The inspiration behind the College Club is the Kalamazoo Promise, an initiative created to provide students who attend Kalamazoo public schools with free tuition if they enroll in state universities in Michigan. But preparing her elementary school students for college barely scratches the surface regarding the commitment Serio has to the community at Spring Valley.

Since working at CIS of Kalamazoo for the past 10 years, Serio has brokered an extensive number of services for the students she supports. Basic needs are provided for with foodpacks, the CIS Kids’ Closet — distributing clothing and hygiene items — the First Day Shoe Fund, Warm Kids-Winter Gear, a dental clinic and vision assistance. Other programs, like Girls on the Run, Literacy Buddies — funded through State Farm — the School Carnival, drama club and the Writer’s Workshop are all centered on meeting academic needs and the needs of the whole child.

“Her dedication to the school and our families, her hard work ethic and her resourcefulness make her an invaluable asset to our school,” said Spring Valley Principal, William Hawkins.

Deeply committed to equality and leveling the playing field for all students regardless of race, culture or socioeconomic status, Serio manages a caseload in which 88 percent of her children are economically disadvantaged.

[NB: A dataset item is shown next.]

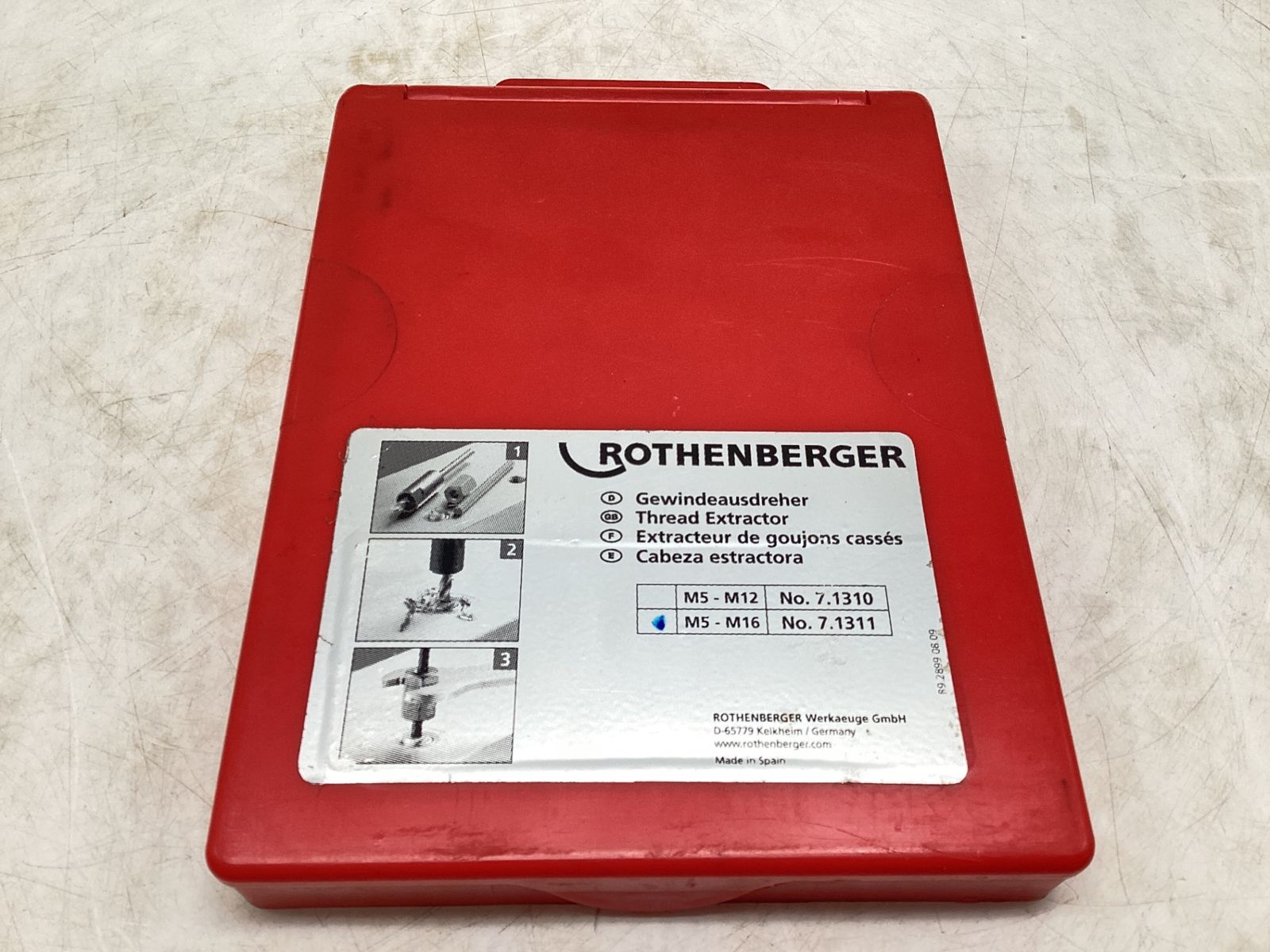 ローゼンベルガー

Receiving good news about a third-grade student she had been working with shines a light on the depth that Serio goes to when it comes to serving students.The young girl had an unstable home life and had been living with her grandmother. Serio monitored her emotional wellbeing and her academics, scheduled one-on-one counseling and connected the student with a tutor, doing whatever it takes to help her succeed. Serio also enrolled her into a new Writer’s Workshop program. It was the perfect fit.

“I found out she was taking her notebook home from the Writer’s Workshop so she could keep writing,” said a proud Serio. “I was so happy to hear we found her something she loves and is giving 150 percent. We worked with her and finally found something that is keeping her focused on her academics. We reached her.”

By keeping her on eye on her their futures’ and supporting their day-to-day basic needs, Serio is truly meeting the needs of the students at Spring Valley.